SPE 200632 Experimental Investigation of the Extent of the Impact of Halite Precipitation on CO2 Injection in Deep Saline Aquifers by D. Edem, M. Abba, A. Nourian, et al., University of Salford.

SPE 113937 Time-Dependent Injectivity During CO2 Storage in Aquifers by B. McMillan, N. Kumar, and S.L. Bryant, The University of Texas at Austin.

SPE 205995 Analysis of Vertical Permeability and Its Influence on CO2 EOR and Storage in a Carbonate Reservoir by B. Ren, J. Jensen, L. Lake, et al., The University of Texas at Austin.

You Are Now in Charge of CCUS: What Are You Going To Do?

At the University of Houston (UH) there is growing demand for executive education courses on carbon capture, utilization, and storage (CCUS).

Many of the students are mid-career oil industry professionals whose job title now includes CCUS and who are interested in learning more about it, said Charles McConnell, Energy Center officer at the UH Center for Carbon Management in Energy.

“What am I going to do?” It is a question from the students that educators are addressing in a variety of ways.

The growth potential for CCUS is significant.
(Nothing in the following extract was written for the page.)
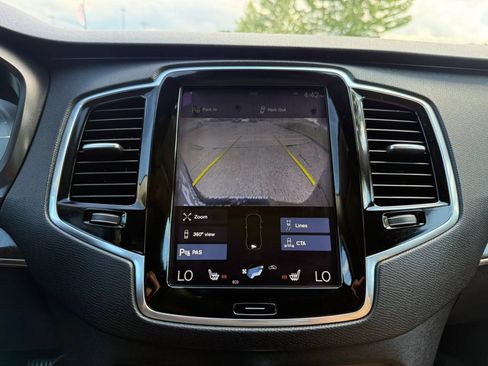 Used 2016 Volvo XC90 T6 Momentum w/ Momentum Plus Package AWD/4WD image 37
Plans to offset carbon emissions by capturing massive amounts of carbon and injecting it into underground storage could be a huge business. It is a slowly developing trend however, and details are sketchy as to who will foot the bill.

Teaching carbon capture and storage (CCS) is a labor-intensive process because there is no textbook approach for this emerging business and set of technologies.
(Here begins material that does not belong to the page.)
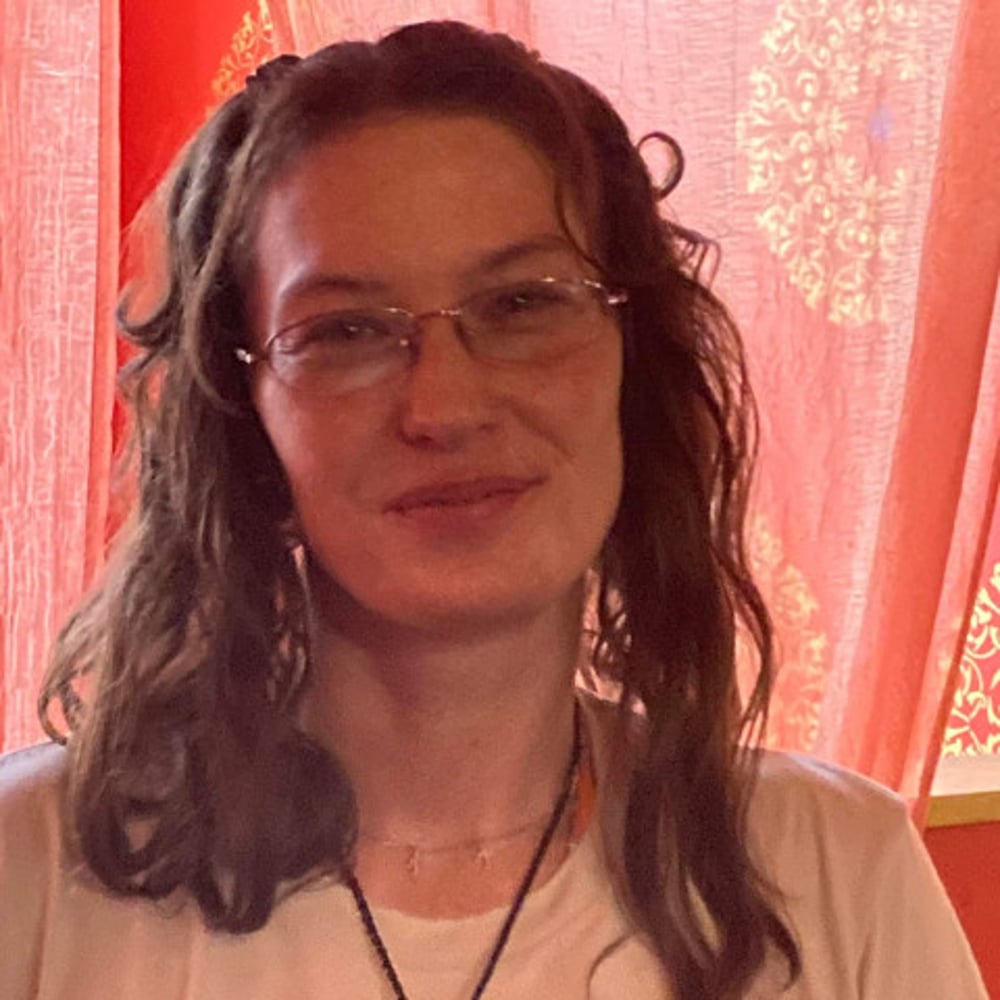 Profile thumbnail image for Psychic Medium and Tarot Reader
The UH classes are taught by a team of eight, half from the university faculty, including McConnell, and the other half by experts from BP and McKinsey & Co.
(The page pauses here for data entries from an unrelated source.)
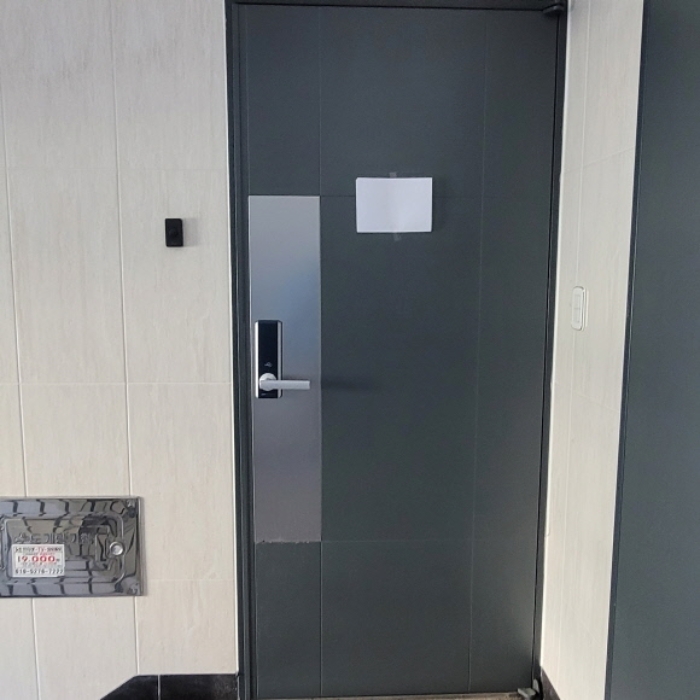 2층 전유부분 출입구 전경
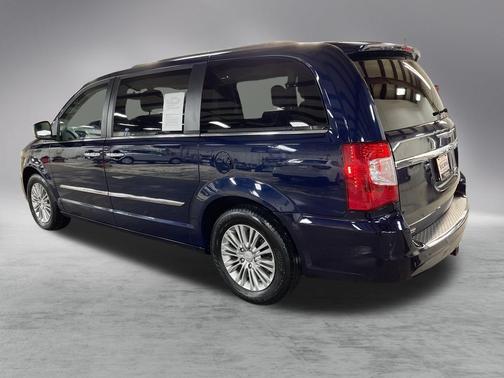2016 Chrysler Town & Country Touring-L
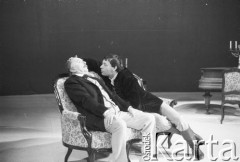 Koniec listopada 1984, Kraków, Polska.
Teatr im. Juliusz Słowackiego. Przedstawienie: Śluby Panieńskie, Aleksander Fredro. Reżyseria Marek Kmieciński
scenografia Tadeusz Smolicki, muzyka Henryk Mosna. Premiera 24 listopada 1984. 
Fot. Witold Górka, zbiory Ośrodka KARTA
CCUS is also creeping into the offerings of petroleum engineering programs in a variety of ways.

At the University of Wyoming, students are involved in government-backed work related to storage site development, and at Texas Tech they are working on a CO2 sequestration research project in Illinois that is evaluating the integrity of wells to assess storage leak paths. The Colorado School of Mines (CSM) has established an interdisciplinary CCUS online certificate.

“There is lots of room for retaining (or rethinking),” said Jennifer Miskimins, department head and professor in the Colorado School of Mines petroleum engineering program.

Words such as “interdisciplinary” and “rethinking” say a lot about the nature of this training challenge. A carbon storage project is a massive startup business. Those involved will need a plan that delivers a reliable, cost-effective means of capturing and storing the carbon, building partnerships, raising money, generating revenue, and winning approval from regulators.

CSM’s program covers downhole petroleum engineering, geophysics, and geology, as well as policy and the carbon components, Miskimins said.

When explaining how the UH program addresses the engineering of carbon storage, McConnell acknowledged that while engineers will benefit from the program, it is not “engineering engineering.”

The focus is on understanding the business, government, and technical variables that must come together for a storage project, rather than the engineering of the facility’s construction and its operation.

For most of his career as a professor at The University of Texas at Austin, Larry Lake said he has been involved in work related to CO2 enhanced oil recovery.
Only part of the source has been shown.